Exemplo: art. 19º CRP. Podem os órgãos de soberania suspender o exercício dos direitos sociais? Não, na
medida em que se trata de um direito fundamental e de uma norma constitucional que supera as
normas ordinárias.

Art. 18º/3 CRP: podemos admitir a possibilidade de um direito fundamental ser comprimido, mas
nunca podemos admitir que um direito possa ser afetado no seu conteúdo essencial.

6
Direitos Fundamentais Leonor Branco Jaleco

Como é que se aplica aos direitos sociais?
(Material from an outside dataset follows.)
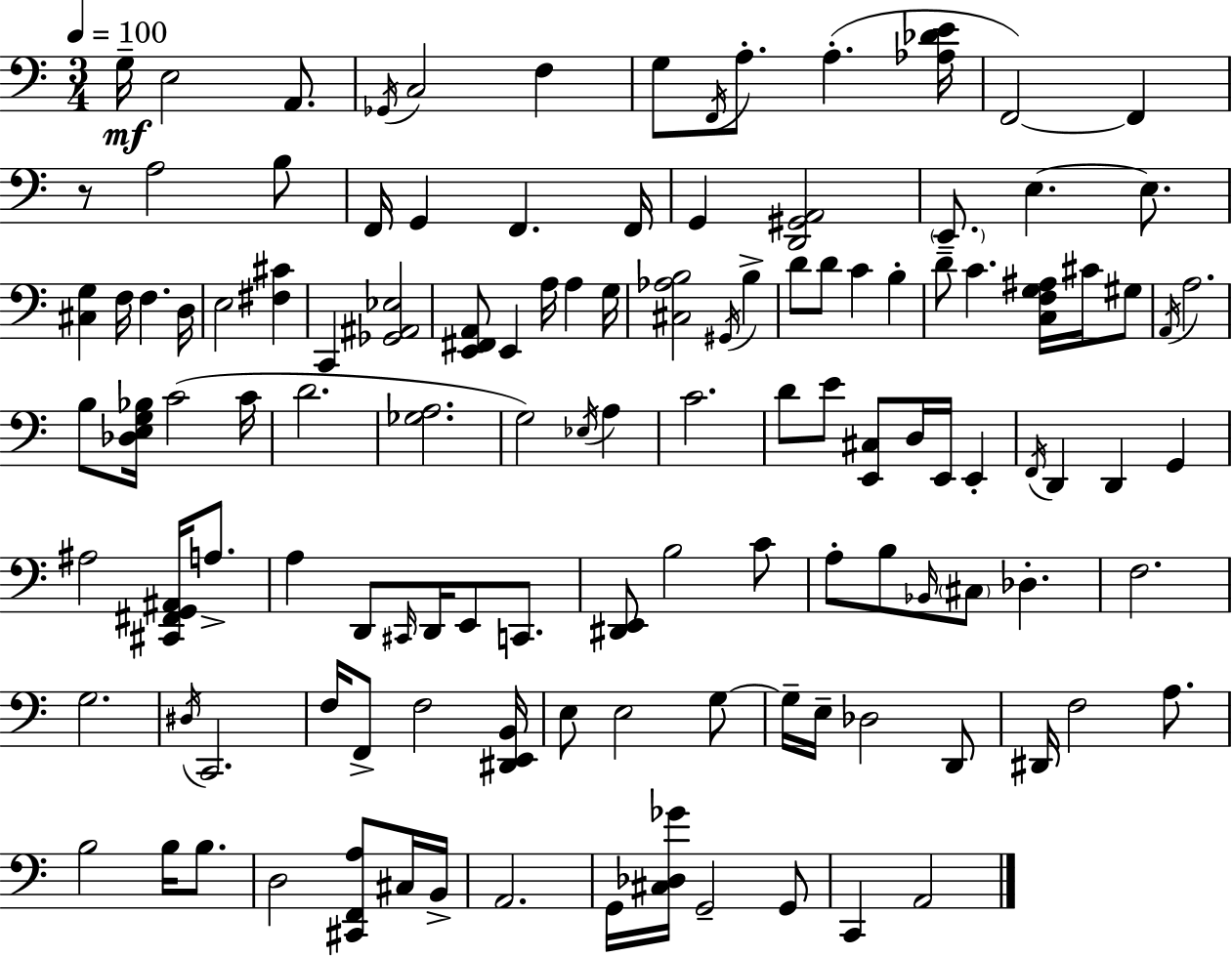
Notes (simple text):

G3/s E3/h A2/e. Gb2/s C3/h F3/q G3/e F2/s A3/e. A3/q. [Ab3,Db4,E4]/s F2/h F2/q R/e A3/h B3/e F2/s G2/q F2/q. F2/s G2/q [D2,G#2,A2]/h E2/e. E3/q. E3/e. [C#3,G3]/q F3/s F3/q. D3/s E3/h [F#3,C#4]/q C2/q [Gb2,A#2,Eb3]/h [E2,F#2,A2]/e E2/q A3/s A3/q G3/s [C#3,Ab3,B3]/h G#2/s B3/q D4/e D4/e C4/q B3/q D4/e C4/q. [C3,F3,G3,A#3]/s C#4/s G#3/e A2/s A3/h. B3/e [Db3,E3,G3,Bb3]/s C4/h C4/s D4/h. [Gb3,A3]/h. G3/h Eb3/s A3/q C4/h. D4/e E4/e [E2,C#3]/e D3/s E2/s E2/q F2/s D2/q D2/q G2/q A#3/h [C#2,F#2,G2,A#2]/s A3/e. A3/q D2/e C#2/s D2/s E2/e C2/e. [D#2,E2]/e B3/h C4/e A3/e B3/e Bb2/s C#3/e Db3/q. F3/h. G3/h. D#3/s C2/h. F3/s F2/e F3/h [D#2,E2,B2]/s E3/e E3/h G3/e G3/s E3/s Db3/h D2/e D#2/s F3/h A3/e. B3/h B3/s B3/e. D3/h [C#2,F2,A3]/e C#3/s B2/s A2/h. G2/s [C#3,Db3,Gb4]/s G2/h G2/e C2/q A2/h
Outros autores dizem: aplicamos o regime material aos de natureza análoga mas já não aplicamos o
regime orgânico.

É ainda mais estranho porque não há outro no mundo como o regime português de direitos
fundamentais. Porque é que a CRP portuguesa é a única que adotou este sistema? Assiste-se na CRP
a uma gradação de direitos fundamentais, o que à primeira vista é estranho, na medida em que todos os
direitos fundamentais se fundamentam na dignidade da vida da pessoa humana e, por isso, não se
deveria assistir a uma tal gradação: a vida humana é a vida humana.

Doutrina Tradicional:

O sistema português de direitos fundamentais é construído na base de uma doutrina tradicional


portuguesa, que tem sido seguida há muitos anos. O que caracteriza este sistema é o facto de se partir
de uma distinção fundamental entre os direitos consagrados no Título II (direitos, liberdades e
garantias) e os restantes direitos: aos primeiros atribui-se uma proteção especial, que tem uma
dimensão material (princípios que permitem resolver a maior parte dos casos de direitos
fundamentais), um regime orgânico e um regime de revisão constitucional (as leis de revisão
constitucional têm de respeitar os direitos, liberdades e garantias).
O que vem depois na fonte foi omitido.